Персонажи из «Пятой печати» не привязывали себя ни к какому учению, школе. Почему они оказались способны остаться людьми в бесчеловечном мире, правильно оценивать ситуацию и принимать верные решение, почему смогли возвыситься до героев? Несмотря даже на собственные практические интересы, практические взгляды, жизненный инстинкт, страх и мелкие грешки? И отчего по всему миру миллионы и миллионы необразованных, невежественных людей безо всякого представления об изощренных системах способны сохранять честь, достоинство, принимать правильные решения? Задумайтесь над этим хорошенько. Самые низменные грехи этого века мы должны относить не на их счет, и в любом веке все мерзости — не на их совести.
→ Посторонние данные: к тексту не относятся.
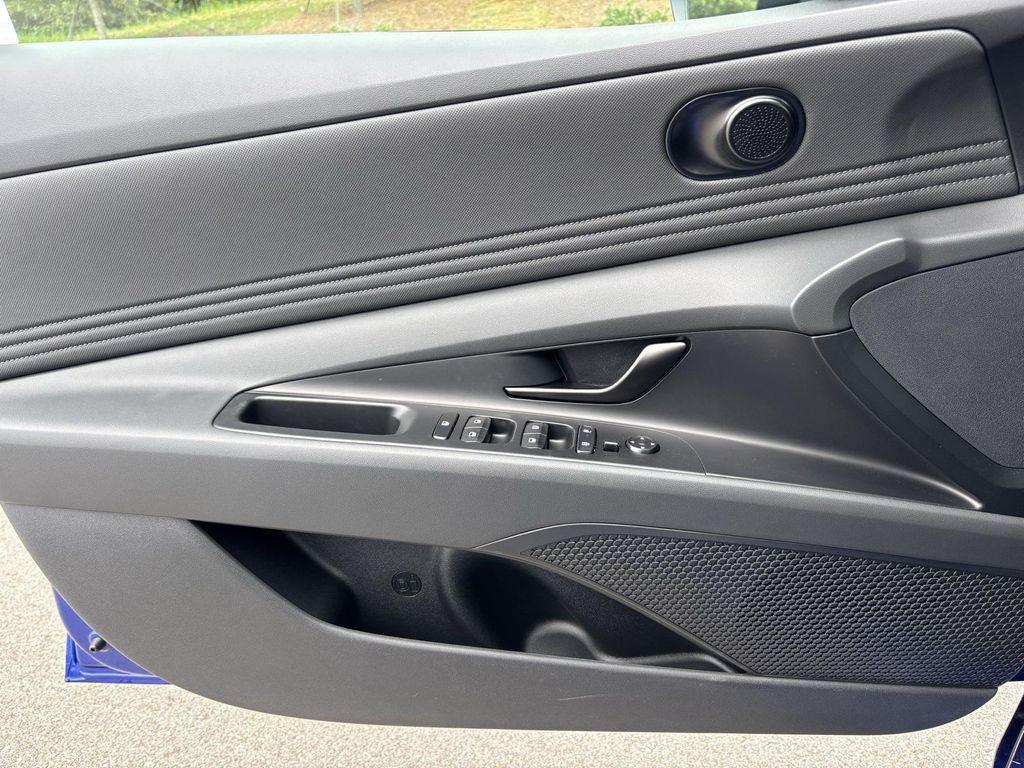 new 2025 Hyundai Elantra car, priced at $22,628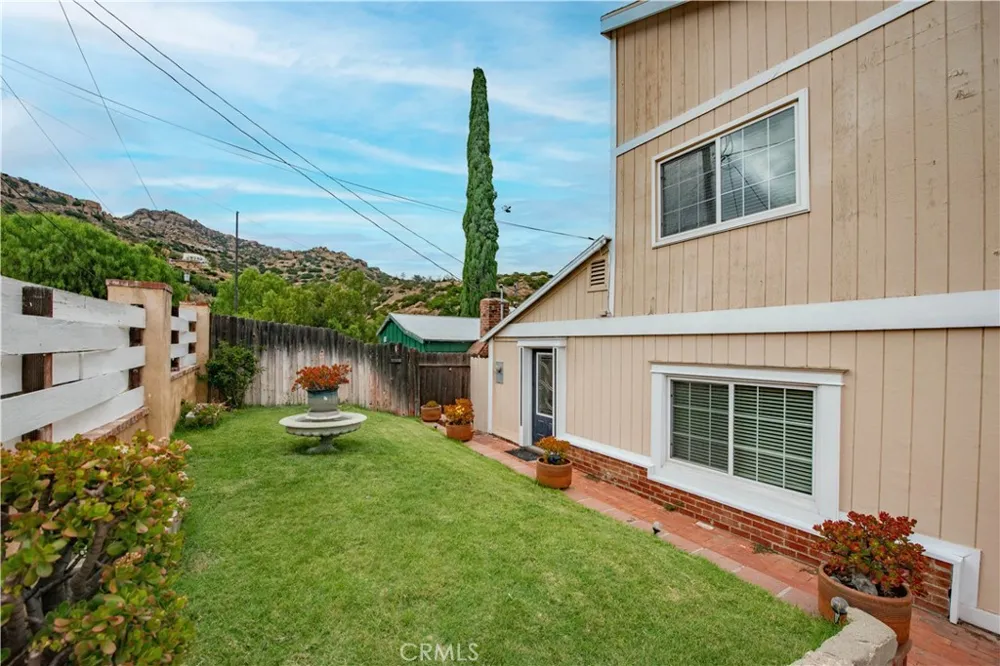 9516 Dennis Chatsworth, CA 91311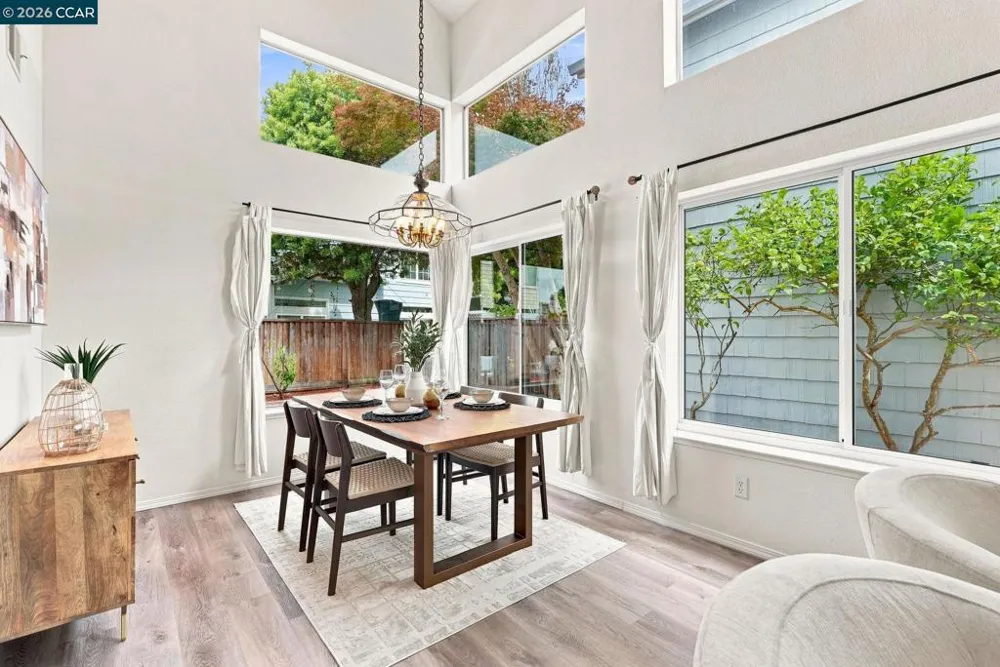 11 Seabreeze Dr Richmond, CA 94804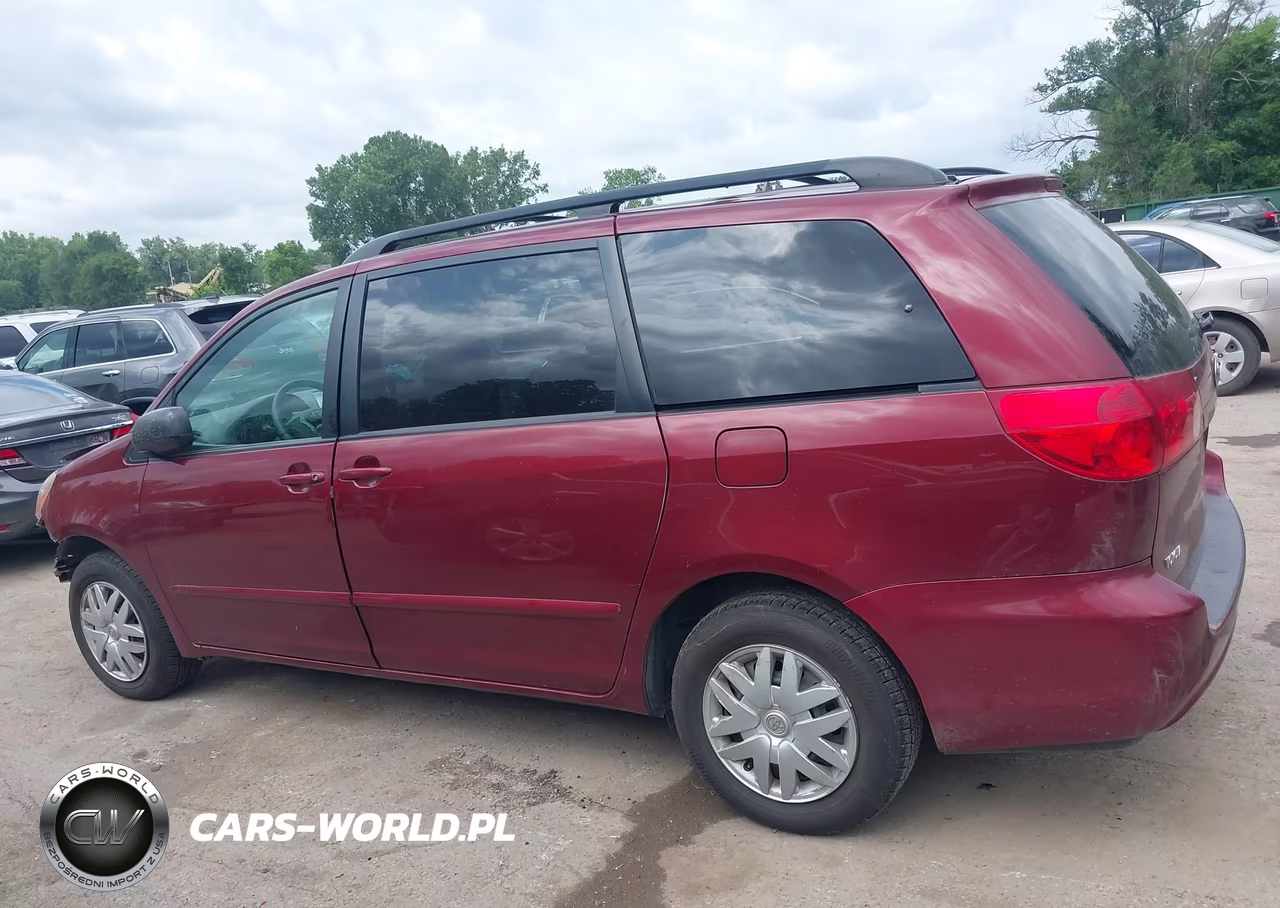 2009 Toyota Sienna Le VIN:5TDZK23C69S283629 - 15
Лучшим из них был тот, умирающий, к которому их [героев романа] привели. Но они оказались способны смертью своей воздать должное этому человеку — которого, если бы история пожелала, чтобы я дольше о нем рассказывал, я бы сделал похожим на Йошку из «Двадцати часов». (Высшая школа фанатизма — продукт нилашистов и фотографа). События последней главы вновь повествуют о том, что, кроме внутренних законов, что мы носим в себе, нет рецепта относительно того, как нам себя вести, когда мы оказываемся перед дилеммой добра и зла, бесчестия и чести. Пусть каждый следит за своей совестью — это она единственно определяет наше правильное поведение. Все ответы — у нас внутри. И потому неправда, будто наша жизнь проходит в постоянных раздумьях над выбором, речь о том, смеем ли мы совершить то, о чем без промедления знаем, как о единственно достойном и благородном варианте. И это две очень разные вещи.
Кто-то написал про эту книгу, мол, пессимистичная. Вера в то, что человек хорош, честен, в то, что у нас есть достоинство и победить это невозможно — где ж тут пессимизм?